Dead Hands Dig Deep is a 2016 documentary film and the directorial debut of Jai Love. The film follows a now thirty-eight-year-old Edwin Borsheim, vocalist of the band Kettle Cadaver as he reflects on his dark past.

Plot

Thirty-eight-year-old Edwin Borsheim of the band Kettle Cadaver was once known for his bizarre stage antics and brutal self-mutilation. Now, years after the band's demise, Borsheim has fallen into complete seclusion on his acre of land in which he is surrounded by many of the horrible things he has created. As Edwin spirals further into a hole of drug abuse and self-destruction, those closest to Borsheim dissect his mental complexes as he himself reflects on his dark past.
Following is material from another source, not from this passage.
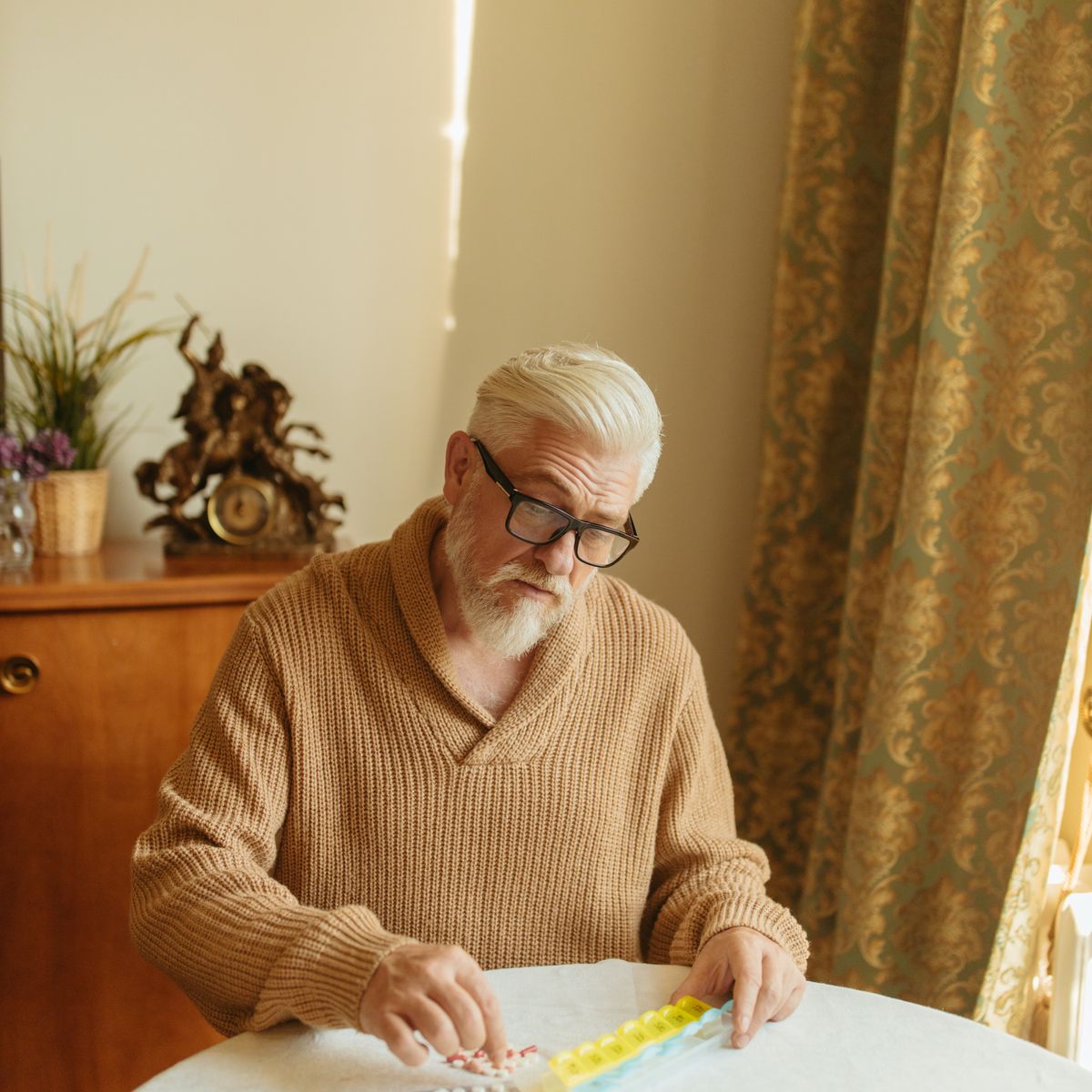 An older man organizing his daily medications into a pill organizer at home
Although Borsheim finds himself trapped in his own home, he just may be saved by human interaction.

Development
The film was shot in Temecula, California and produced by Lonesome Pictures. Prior to the production of the film, there was an extensive search for Edwin. Although his residence had been confirmed, there were different variables that stood in the way of actual contact. At the time, Borsheim had no phone or email and his property was guarded by his watch-dogs which made it virtually impossible to come in contact with him. After resigning the idea of making the film, Borsheim's relatives activated a phone for him and put the filmmakers in contact. The film began production months after they started their search.
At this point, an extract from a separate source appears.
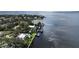 Aerial view of waterfront home and neighborhood at 560 Riviera Dr, Tampa, FL 33606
On the first day of principle shooting, Edwin began directing violent threats at the film crew. Borsheim made it clear, that until the production of the film, nobody had entered his house in over a year. He'd been completely alone there. When first in talks with Borsheim over the phone, the filmmakers began receiving pictures from Borsheim portraying a variety of disturbing imagery. As production continued, other members of the crew began to receive similar pictures. Due to the hostility that both Edwin and his brother Danny held for their mother, both refused to see her for the film. After much pleading from the producers, Danny escorted the crew to see his mother to interview her for the documentary. Multiple times during post-production, Edwin went off the grid. His phone was de-activated many times and he was on and off of his property. Borsheim's property was meant to be seized due to not paying property tax, and began making it clear that he planned to kill anyone who tried to take his property away and commit suicide once he came back into contact with the producers. Eventually, his family intervened and paid his property tax.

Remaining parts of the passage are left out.